O gangue liderado por Andrice foi identificado num relatório da Organização das Nações Unidas (ONU), que denunciou que o grupo estava envolvido em homicídios, assaltos, sequestros, violações e roubos de bens e de veículos humanitários. Andrice ter-se-á juntado a outro proeminente líder criminoso, Jimmy Chérizier, formando uma aliança que se tornou no maior e mais poderoso gangue do Haiti.
Em 2015, Andrice e outros líderes fundaram uma associação, de modo a promover uma imagem mais positiva dos gangues junto das comunidades que controlavam e colocando a responsabilidade pela pobreza e violência no Haiti unicamente do lado da comunidade internacional.
Num relatório recente da organização não-governamental National Human Rights Defense Network, o antigo docente convertido em reputado criminoso foi acusado de liderar uma série de rusgas em bairros no Haiti que levaram à morte de vários civis.
A violência no Haiti cresceu exponencialmente na última década, com o enorme terramoto de 2010 e o furacão Matthews em 2016, que mataram centenas de milhares de pessoas e deixaram de rastos uma grande parte das infraestruturas públicas do país, a catapultarem a crise humanitária.

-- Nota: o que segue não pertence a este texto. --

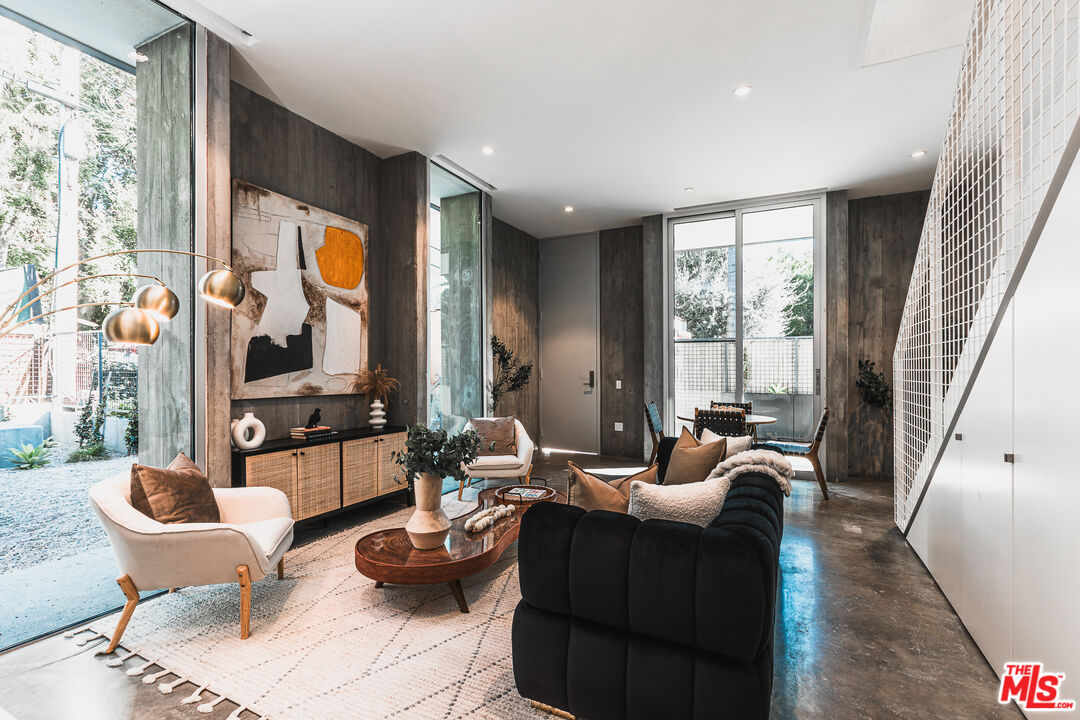 West Hollywood, CA, 90069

Em 2021, quando a atividade criminosa já era demasiado grande para as autoridades lidarem com o problema, o presidente Jovenel Möise foi assassinado em sua casa por atiradores por identificar.

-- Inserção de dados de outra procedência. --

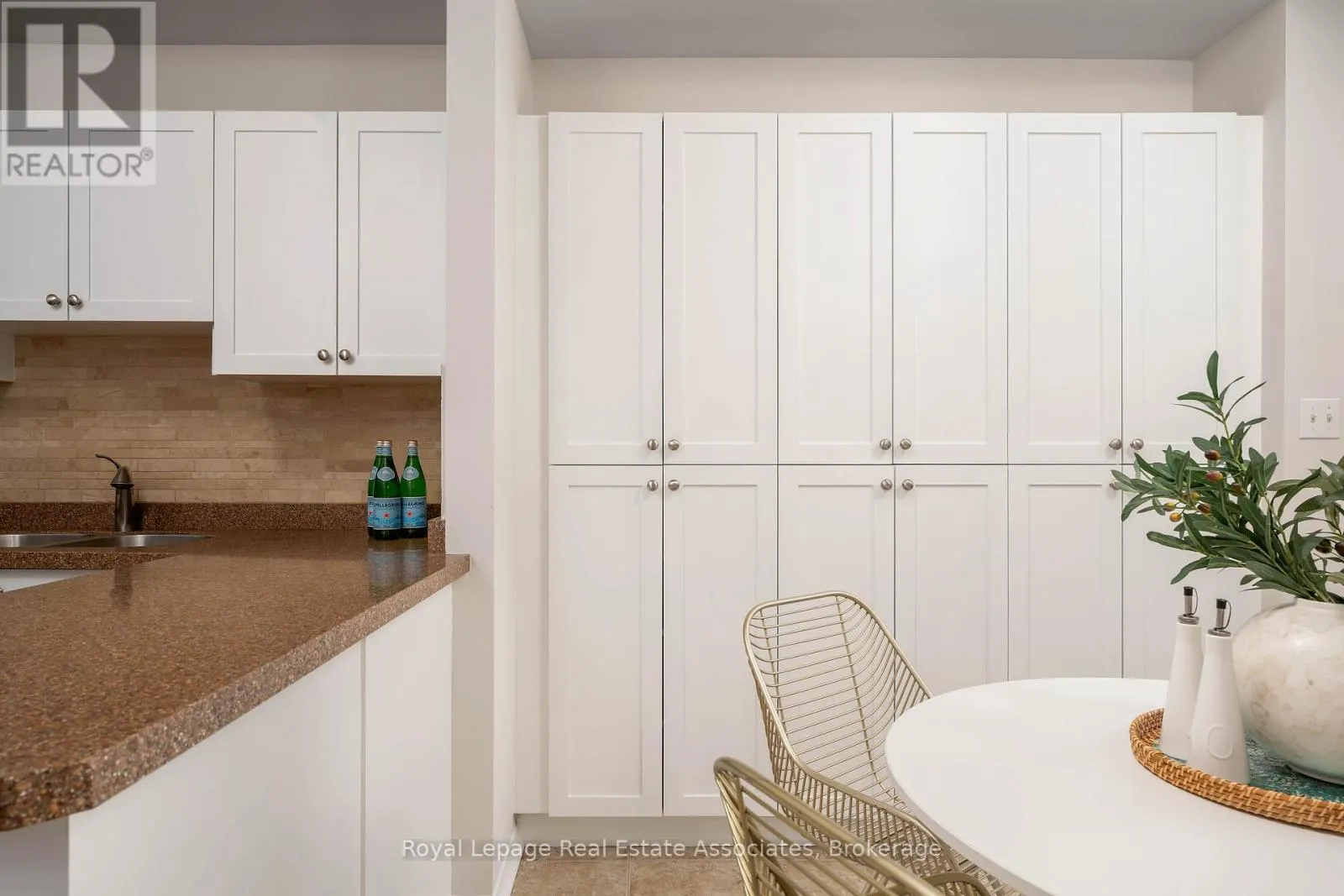 32 - 1130 CAWTHRA ROAD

Desde então, a crise só se agudizou, e mais de 40 mil pessoas fugiram recentemente do país devido às graves dificuldades de acesso a emprego, saúde, alimentação, habitação e direitos humanos básicos.
O último relatório da ONU sobre o Haiti aponta que "a violência sexual continua a ser usada como arma nas mãos dos gangues para aterrorizar e magoar a população, especialmente mulheres e crianças", e "'brigadas de violência' e linchamentos públicos contra membros de gangues e criminosos comuns multiplicaram-se pela capital". A nível de saúde, têm-se registado vários surtos de cólera devido à falta de condições de higiene, especialmente pelas mais de 155 mil pessoas deslocadas na área metropolitana de Port-au-Prince.